12 Nu dan, Israel! wat eist de HEERE, uw God van u dan den HEERE, uw God, te vrezen, in al Zijn wegen te wandelen, en Hem lief te hebben, en den HEERE, uw God, te dienen, met uw ganse hart en met uw ganse ziel;
People of Israel, what does the Lord your God want from you? He wants you to respect the Lord your God by following all his ways. He wants you to love him. He wants you to worship the Lord your God with all your mind and with all your being,
13 Om te houden de geboden des HEEREN, en Zijn inzettingen, die ik u heden gebiede, u ten goede.
He wants you to keep the commandments and regulations of the Lord that I am giving you today for your own good.
14 Ziet, des HEEREN, uws Gods, is de hemel, en de hemel der hemelen, de aarde, en al wat daarin is.
Look! Everything belongs to the Lord your God: the heavens, the highest heavens, and the earth and all that is there.
15 Alleenlijk heeft de HEERE lust gehad aan uw vaderen, om die lief te hebben, en heeft hun zaad na hen, ulieden, uit al de volken verkoren, gelijk het te dezen dage is.
But Lord was attracted to your forefathers and he loved them. He has also chosen you, their descendants, above any other people, even up till today.
16 Besnijdt dan de voorhuid uws harten, en verhardt uw nek niet meer.
Dedicate yourselves to God. Don't be stubborn and hard-hearted anymore.
17 Want de HEERE, uw God, is een God der goden, en een Heere der heren; die grote, die machtige, en die vreselijke God, Die geen aangezicht aanneemt, noch geschenk ontvangt;
For the Lord your God is God of gods and Lord of lords. He is the great, powerful, and awesome God. He shows no favoritism and accepts no bribes.
18 Die het recht van den wees en van de weduwe doet; en den vreemdeling liefheeft, dat Hij hem brood en kleding geve.
He makes sure that orphans and widows receive justice, and he loves the foreigners, providing them with food and clothing.
19 Daarom zult gijlieden den vreemdeling liefhebben, want gij zijt vreemdelingen geweest in Egypteland.
You too must love the foreigner because you yourselves were once foreigners in Egypt.
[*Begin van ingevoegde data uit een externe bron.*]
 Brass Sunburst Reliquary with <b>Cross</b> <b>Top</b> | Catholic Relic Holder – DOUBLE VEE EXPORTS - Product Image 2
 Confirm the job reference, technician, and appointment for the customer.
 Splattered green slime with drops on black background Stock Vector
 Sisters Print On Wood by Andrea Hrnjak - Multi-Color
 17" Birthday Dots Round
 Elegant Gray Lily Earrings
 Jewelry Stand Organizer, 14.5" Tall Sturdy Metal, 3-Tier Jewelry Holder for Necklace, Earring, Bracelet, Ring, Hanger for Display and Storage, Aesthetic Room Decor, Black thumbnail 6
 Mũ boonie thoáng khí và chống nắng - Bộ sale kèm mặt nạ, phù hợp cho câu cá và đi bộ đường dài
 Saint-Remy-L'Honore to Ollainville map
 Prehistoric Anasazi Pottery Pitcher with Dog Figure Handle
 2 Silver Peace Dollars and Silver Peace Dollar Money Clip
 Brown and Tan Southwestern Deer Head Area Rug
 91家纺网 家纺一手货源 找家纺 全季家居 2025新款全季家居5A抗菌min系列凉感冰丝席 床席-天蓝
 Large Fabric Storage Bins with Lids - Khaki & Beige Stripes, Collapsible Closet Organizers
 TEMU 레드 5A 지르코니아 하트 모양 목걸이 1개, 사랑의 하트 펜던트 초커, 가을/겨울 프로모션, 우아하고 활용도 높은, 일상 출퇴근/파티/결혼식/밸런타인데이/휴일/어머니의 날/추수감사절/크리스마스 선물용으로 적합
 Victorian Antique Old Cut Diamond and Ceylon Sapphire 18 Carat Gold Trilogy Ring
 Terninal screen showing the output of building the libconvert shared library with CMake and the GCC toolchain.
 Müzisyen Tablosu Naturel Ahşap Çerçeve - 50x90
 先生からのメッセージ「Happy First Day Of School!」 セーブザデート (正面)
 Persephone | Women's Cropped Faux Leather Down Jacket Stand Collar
20 Den HEERE, uw God, zult gij vrezen; Hem zult gij dienen, en Hem zult gij aanhangen, en bij Zijn Naam zweren.
You must respect the Lord your God and worship him. Hold onto him and make your promises in his name.
21 Hij is uw Lof, en Hij is uw God. Die bij u gedaan heeft deze grote en vreselijke dingen, die uw ogen gezien hebben.
He is the one you should praise and he is your God, who has carried out for you these incredible and awesome miracles that you've seen with your own eyes.
22 Uw vaderen togen af naar Egypte met zeventig zielen; en nu heeft u de HEERE, uw God, gesteld als de sterren des hemels in menigte.
When your forefathers went to Egypt there were only seventy of them in total, but now God has increased your numbers so much that there are as many of you as there are stars in the sky.